L'ancien commandant de Wagner a honte de sa bagarre dans un bar - 3

OSLO, 25 avril (Reuters) – Un ancien commandant du groupe mercenaire russe Wagner, qui demande l’asile à la Norvège, a plaidé coupable mardi d’avoir été impliqué dans une bagarre à la sortie d’un bar d’Oslo et d’avoir porté un pistolet à air comprimé en public, et a déclaré qu’il se sentait « très honteux ».

Andrei Medvedev, 26 ans, a franchi la frontière russo-norvégienne en janvier et s’est exprimé sur le temps qu’il a passé à combattre avec les forces d’invasion russes en Ukraine.
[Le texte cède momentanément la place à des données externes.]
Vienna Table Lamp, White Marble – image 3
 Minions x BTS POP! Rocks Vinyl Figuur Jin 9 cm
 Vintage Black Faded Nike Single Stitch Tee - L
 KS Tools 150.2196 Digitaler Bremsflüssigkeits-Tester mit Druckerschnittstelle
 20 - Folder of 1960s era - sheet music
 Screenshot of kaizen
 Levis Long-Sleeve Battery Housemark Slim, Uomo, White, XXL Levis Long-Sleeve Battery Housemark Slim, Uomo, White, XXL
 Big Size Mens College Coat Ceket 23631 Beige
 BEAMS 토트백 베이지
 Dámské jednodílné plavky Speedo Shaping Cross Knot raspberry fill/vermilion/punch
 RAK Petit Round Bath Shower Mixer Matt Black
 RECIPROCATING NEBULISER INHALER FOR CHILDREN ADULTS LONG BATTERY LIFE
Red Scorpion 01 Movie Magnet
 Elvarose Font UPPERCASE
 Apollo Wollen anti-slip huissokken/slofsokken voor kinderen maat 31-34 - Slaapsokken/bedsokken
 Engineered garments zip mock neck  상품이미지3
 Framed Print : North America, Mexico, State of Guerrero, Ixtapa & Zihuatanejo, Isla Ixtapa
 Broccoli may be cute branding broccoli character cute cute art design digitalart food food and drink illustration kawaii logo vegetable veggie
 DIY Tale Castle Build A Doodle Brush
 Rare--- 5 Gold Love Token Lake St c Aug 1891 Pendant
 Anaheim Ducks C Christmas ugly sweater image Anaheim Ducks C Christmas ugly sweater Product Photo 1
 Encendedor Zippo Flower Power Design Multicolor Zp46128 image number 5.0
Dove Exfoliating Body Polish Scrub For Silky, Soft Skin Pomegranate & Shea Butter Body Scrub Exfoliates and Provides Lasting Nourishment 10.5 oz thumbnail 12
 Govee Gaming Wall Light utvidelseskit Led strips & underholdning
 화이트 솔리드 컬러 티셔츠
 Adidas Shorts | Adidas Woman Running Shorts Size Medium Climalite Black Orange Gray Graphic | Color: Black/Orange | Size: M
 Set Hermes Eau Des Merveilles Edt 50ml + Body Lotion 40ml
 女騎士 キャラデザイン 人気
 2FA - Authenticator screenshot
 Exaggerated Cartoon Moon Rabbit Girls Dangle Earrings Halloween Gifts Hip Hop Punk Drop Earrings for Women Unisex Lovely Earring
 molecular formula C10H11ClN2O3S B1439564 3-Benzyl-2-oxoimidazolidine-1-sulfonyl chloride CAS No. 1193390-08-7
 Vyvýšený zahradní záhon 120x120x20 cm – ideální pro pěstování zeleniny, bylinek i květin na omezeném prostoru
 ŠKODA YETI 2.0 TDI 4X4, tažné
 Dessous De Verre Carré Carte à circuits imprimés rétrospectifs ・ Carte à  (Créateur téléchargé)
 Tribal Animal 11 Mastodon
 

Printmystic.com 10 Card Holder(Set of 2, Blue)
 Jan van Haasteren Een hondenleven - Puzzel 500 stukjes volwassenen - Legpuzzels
Medvedev a plaidé coupable de s’être battu à l’extérieur du bar d’Oslo le 22 février et d’avoir empêché un officier de police de faire son devoir. Il a également plaidé coupable d’avoir porté une arme à air comprimé en public à une autre occasion, le 14 mars.

Il a plaidé non coupable d’avoir commis des violences à l’encontre d’un policier, l’accusation la plus grave à laquelle il est confronté, pour laquelle la peine maximale est de trois ans d’emprisonnement.

« Il comprend qu’il a perdu les pédales ce soir-là, qu’il a consommé trop d’alcool et qu’il y a eu une bagarre avec des gens à l’extérieur du bar », a déclaré son avocat, Brynjulf Risnes, à propos de la rixe du 22 février.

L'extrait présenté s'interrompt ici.